El agua contenida en los pozos de las distintas administraciones públicas está a cargo de diferentes manos, dependiendo de quienes la gestionan y suministran el darle un recto uso como un bien comunal, o hacer trampa y permitir, bajo corruptas contrapartidas, que algunos se cuelen subterráneamente para hacer acopio del líquido que se filtra a través de amañadas grietas.
El caso es que los pozos patrios están secos, el común anda sediento y los desaprensivos han acumulado el preciado tesoro trasvasándolo a camufladas cisternas; pero, claro, el agua sucia al gotear deja huella y tras ella andan los rastreadores.

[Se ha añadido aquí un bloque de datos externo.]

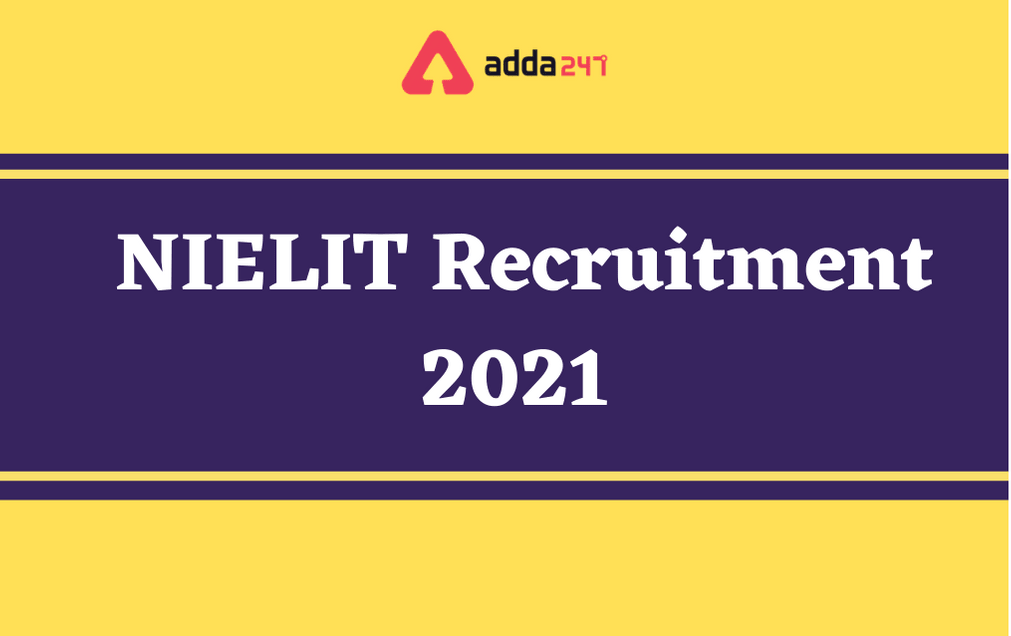 NIELIT Recruitment 2021: Apply For 81 Scientific Assistant & Scientists_30.1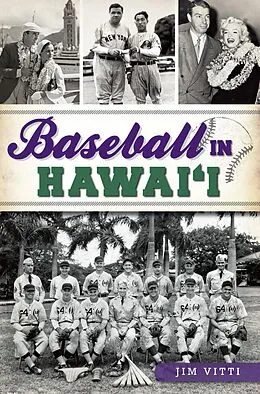 E-Book (epub) Baseball in Hawai'i von Jim Vitti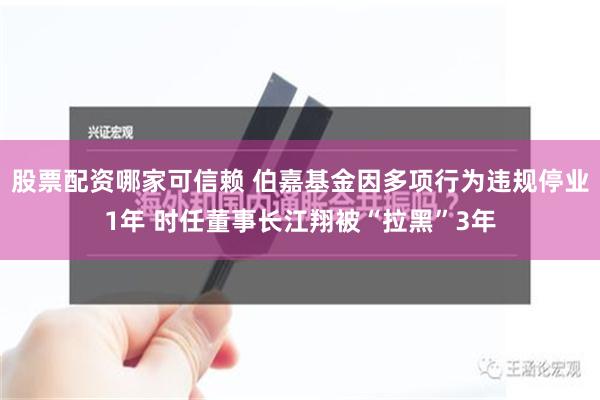 股票配资哪家可信赖 伯嘉基金因多项行为违规停业1年 时任董事长江翔被“拉黑”3年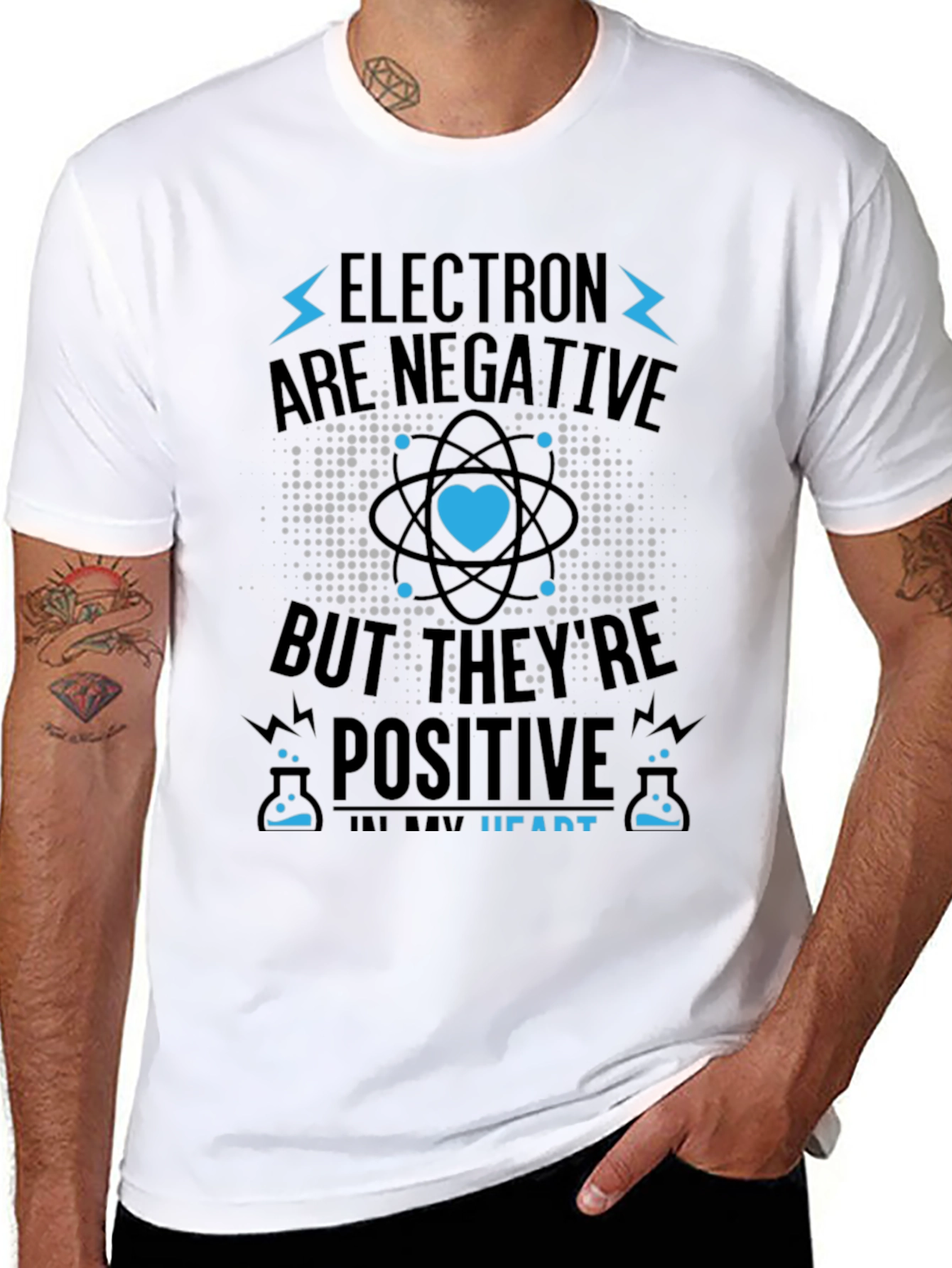 Electrons Are Negative But Positive Heart T-Shirt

Los implicados en el pillaje y trasiego, donantes y receptores, andan recelosos y alarmados; sus motivos tienen. Los que no, dicen: a mí que me registren; pero, por lo del ventilador que esparce sombras de sospecha sobre otros para diluir las maldades propias, se ven en la aberrante tesitura de demostrar su inocencia.
Lo cierto es que muchos andan cautos con las relaciones y el teléfono. Unos, por cubrirse y no dar pistas; otros, para no ser mal interpretados. Aquellos tienen merecida la zozobra y mucho más; éstos, por ajenas culpas, disimulan como pueden su anímico mal vivir.
Como el gato escaldado del agua fría huye, se va imponiendo que cuando se llama a la puerta o suena el teléfono, preguntar quién es y, según sea la voz del que responda, franquear la entrada, entablar conversación, o simplemente decir: no estoy.